En una reunión clave, el expresidente Mauricio Macri logró un acuerdo con los principales legisladores del PRO para respaldar el veto de Javier Milei a la Ley de Financiamiento Universitario. Este acuerdo, que se gestó en una cumbre virtual, busca consolidar la postura del partido en la Cámara Baja de cara a la votación que se realizará este miércoles.
Durante el encuentro, Macri estuvo acompañado por figuras de peso dentro del PRO, como Soledad Martínez, Facundo Pérez Carletti y Jorge Macri, quienes manifestaron su apoyo a la medida impulsada por el Gobierno. La decisión marca un respaldo unánime, aunque también se plantearon diferencias respecto a la forma en que se gestionan los fondos universitarios. El PRO remarcó su apoyo a la educación pública, pero criticó la “falta de transparencia” en la administración de los recursos y su desvío hacia fines políticos.
Un respaldo decisivo, pero con condiciones
A pesar del respaldo explícito al veto, el PRO mantiene una postura crítica hacia algunos aspectos de la medida. En el comunicado que se espera difundir en las próximas horas, se planteará la necesidad de reformar el sistema universitario para evitar lo que consideran un “uso político” de los recursos destinados a la educación pública. Según Mauricio Macri, es fundamental que los fondos se utilicen de manera eficiente y se evite el clientelismo político.
El respaldo del PRO es crucial para que el veto se mantenga, pero el partido también reconoce la importancia de cuidar su imagen en medio del debate sobre el financiamiento universitario. “No podemos borrar con el codo lo que escribimos con la mano”, comentó Diego Santilli, uno de los diputados que llamó a apoyar la medida por “coherencia y responsabilidad”.

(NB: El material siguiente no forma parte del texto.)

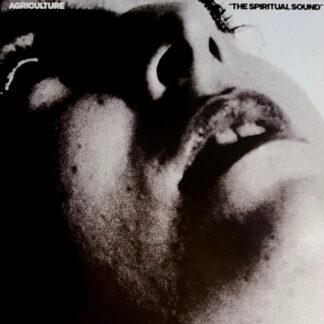The Spiritual Sound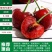 车厘子樱桃苗-俄罗斯8号-黑珍珠-美早-红灯-鲁樱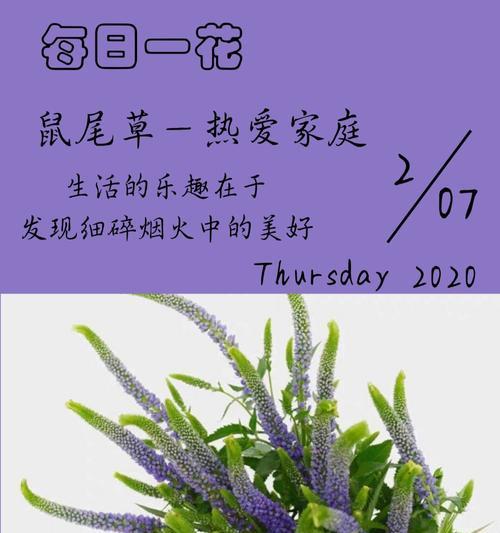 鼠尾草的花语和传说（探寻鼠尾草的神秘与美丽）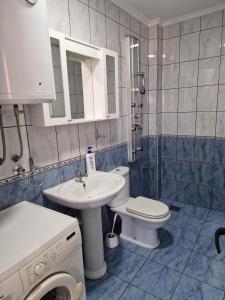 Zlatište的住宿－Apartman Vujovic，浴室配有卫生间、盥洗盆和洗衣机。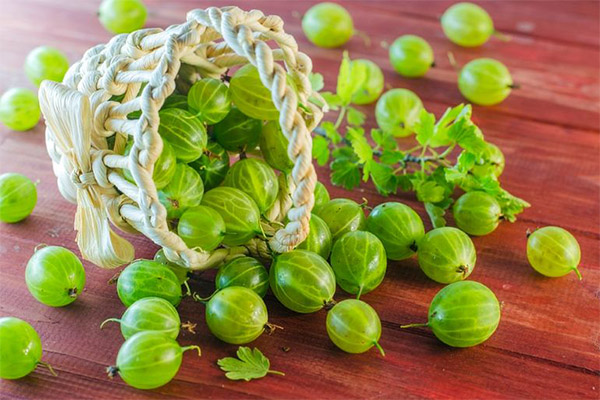 Interesting facts about gooseberries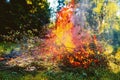 Bonfire in the forest on summer day Royalty Free Stock Photo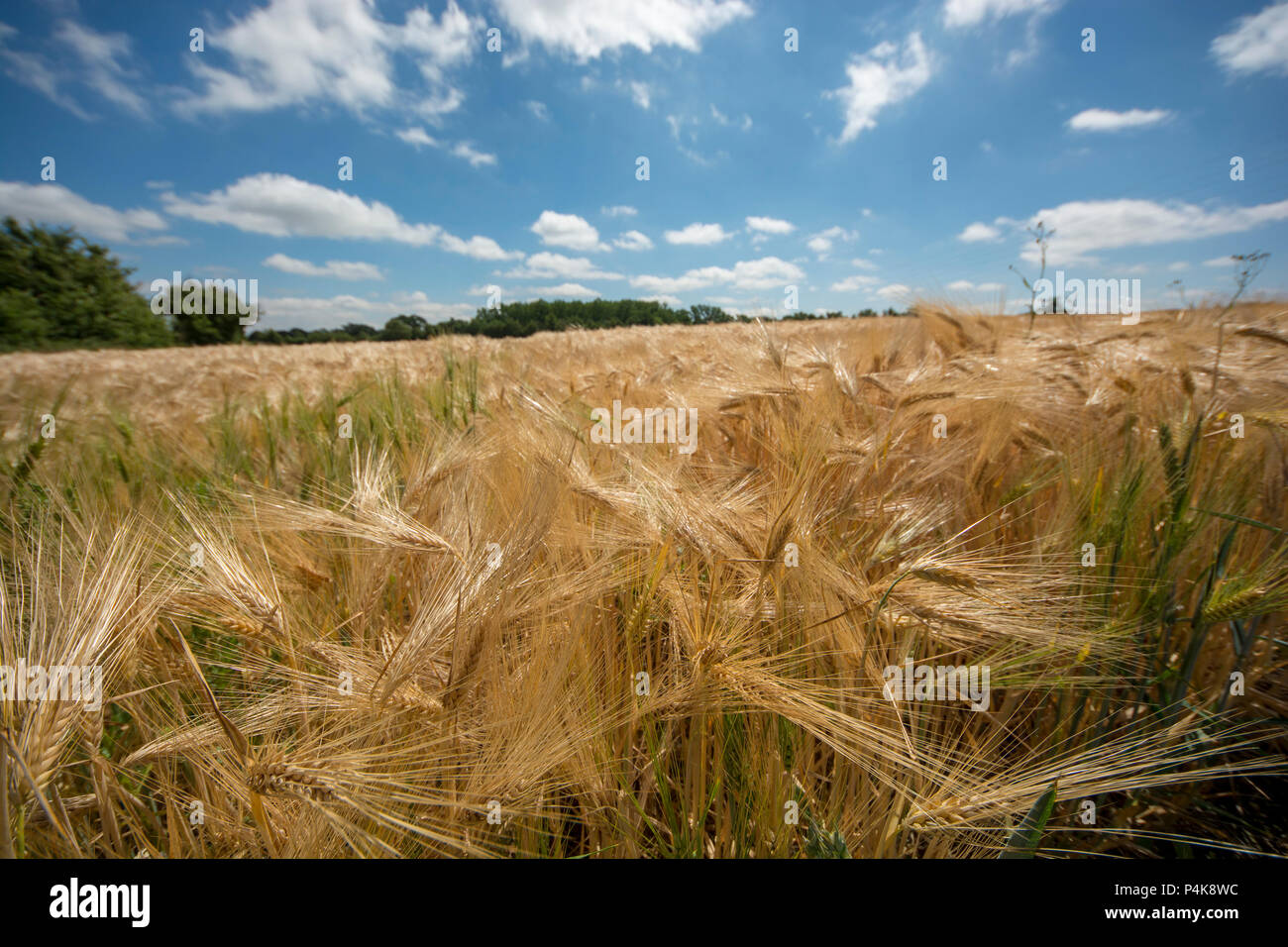 Golden, barley Stock Photo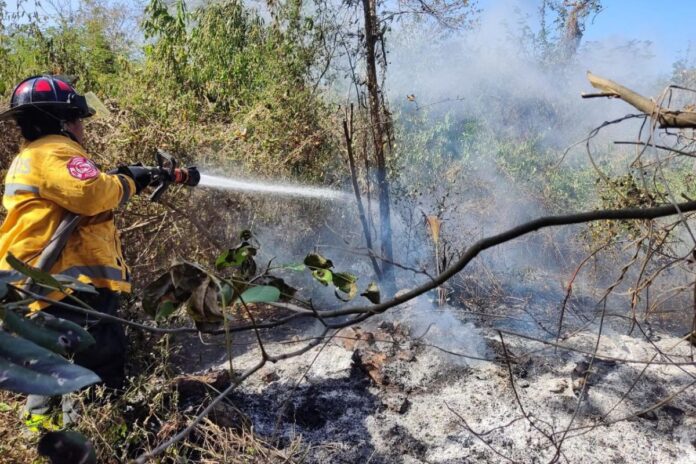 Gobierno de Playa del Carmen controla incendio en CTM y Lilis: Suman seis siniestros sofocados en diez días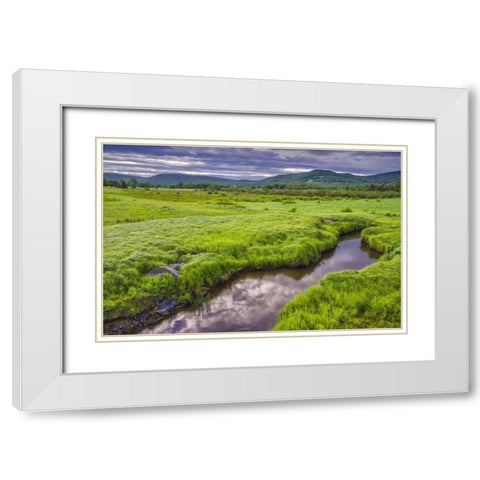 WV, Davis Landscape of the Canaan Valley White Modern Wood Framed Art Print with Double Matting by OBrien, Jay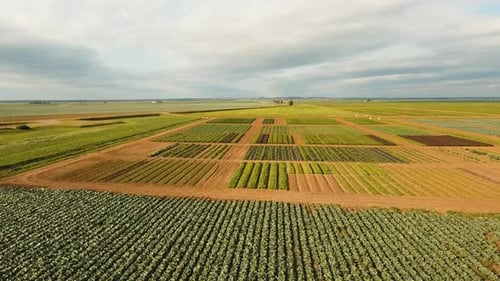 Aerial View of Farmland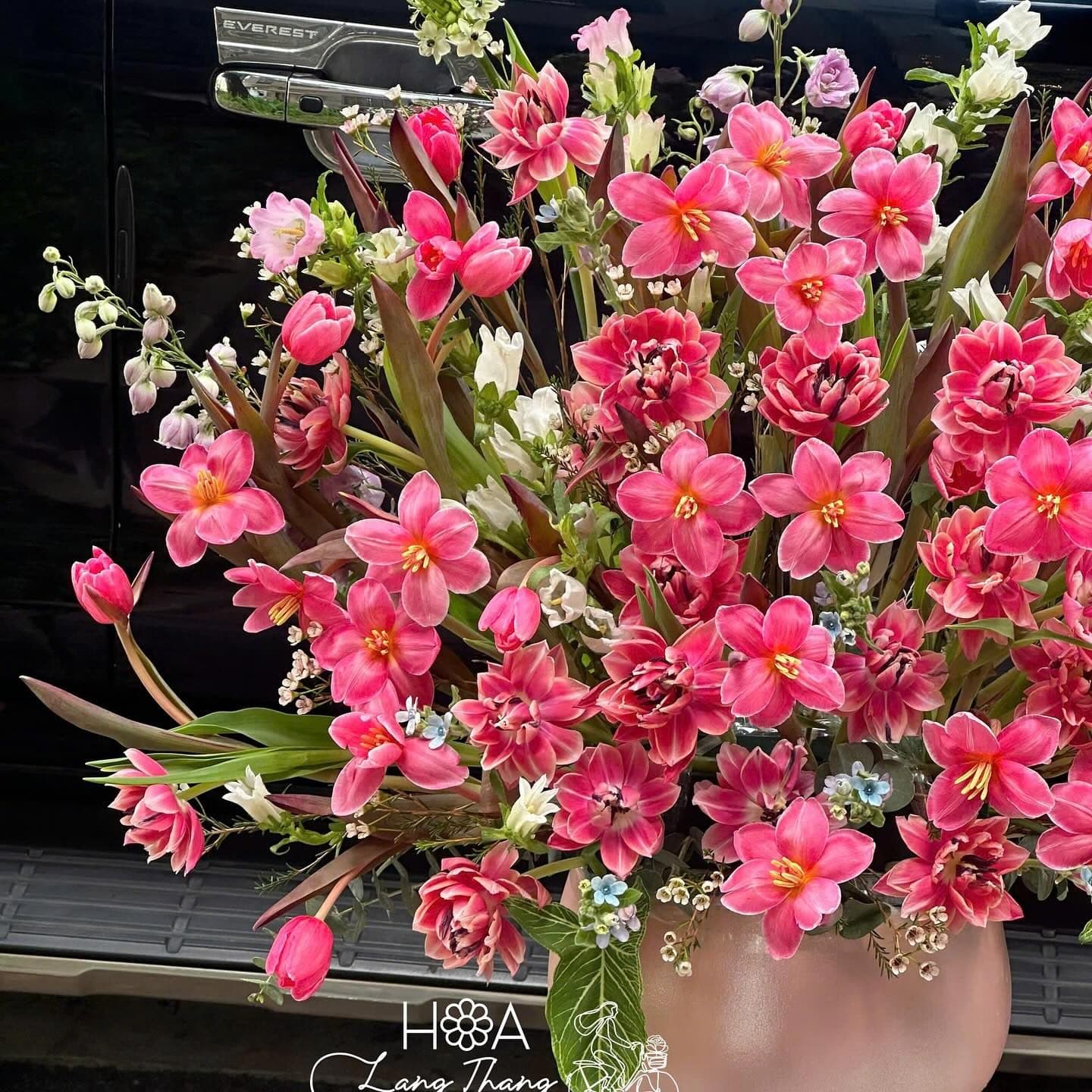 Tulip hồng nhuộm mix tulip nhiều cánh - Thumbnail 3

Divisiones internas y posturas encontradas
Aunque la mayoría de los legisladores del PRO se alinea con la decisión de Macri, existen voces disidentes dentro del espacio. Álvaro González, legislador cercano a Horacio Rodríguez Larreta, expresó su desacuerdo con el veto y participó de la marcha universitaria junto a otros bloques opositores. La interna en el PRO sigue latente, y algunos miembros consideran que la medida podría tener un alto costo político si el Gobierno no logra los votos necesarios para sostener el veto.
El diputado Fernando Iglesias también hizo pública su postura, subrayando que, aunque el debate sobre los salarios docentes es legítimo, no debe presentarse como una amenaza a la educación pública. Iglesias llamó a no ceder ante lo que calificó como “chantajes demagógicos” y a reformar las universidades para garantizar un uso más eficiente de los recursos.